Extra measures needed
The prospect of a Chinese invasion has increasingly worried world leaders, and especially many of China's neighbours.
Xi, China's most authoritarian leader in decades, has made clear that what he calls the "reunification" of Taiwan cannot be passed on to future generations.
Taiwan and China split at the end of the Chinese Civil War in 1949, and Tsai has said becoming a part of China is not acceptable to the people of the island.
Taiwan is a mountainous island and would present a formidable challenge to an invading force, but it is massively outgunned with 89,000 ground troops compared with China's one million, according to a Pentagon estimate released last month.
Beijing also has a huge advantage in military equipment.
Taiwan has stepped up reservist training and increased its purchases of warplanes and anti-ship missiles to bolster its defences. But analysts have said that is not enough.
The island needs to go further than just extending mandatory service, said J. Michael Cole, a Taipei-based analyst.

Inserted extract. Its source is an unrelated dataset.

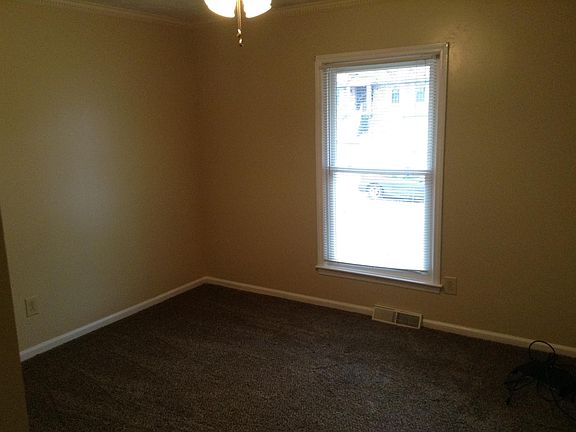 3rd image of 270 Argonne Cir #101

"Given the threat level and the example of Russia in Ukraine, I hope the Taiwanese public realises that such measures are needed," he told AFP.
"The threat that Taiwan faces is just as existential."
The military service announcement on Tuesday came two days after China deployed 71 warplanes, including dozens of fighter jets, in weekend military exercises around Taiwan.
China's People's Liberation Army said it had conducted a "strike drill" on Sunday in response to unspecified "provocations" and "collusion" between the United States and Taiwan.
Those drills were one of the largest since they started releasing daily tallies, according to the Taiwanese Defence Ministry.
Sixty fighter jets took part in the drills, including six Su-30 warplanes, some of China's most advanced, Taiwan said in a post on Twitter.
Moreover, 47 of the sorties crossed into the island's air defence identification zone (ADIZ), the third-highest daily incursion on record, according to AFP's database.
One of the pressure tactics China has increasingly used is probing Taiwan's ADIZ with its warplanes.
There have been more than 1,700 such incursions so far this year, compared with 969 in 2021, according to the AFP database. Taiwan's Defence Ministry said it recorded about 380 incursions in 2020.
China did not specify the number of aircraft mobilised for Sunday's exercises or the exact location of the manoeuvres.
Taiwan's Defence Ministry said on Sunday that co-operation between Taipei and Washington would "help [maintain] freedom, openness, peace and stability" in the Indo-Pacific region.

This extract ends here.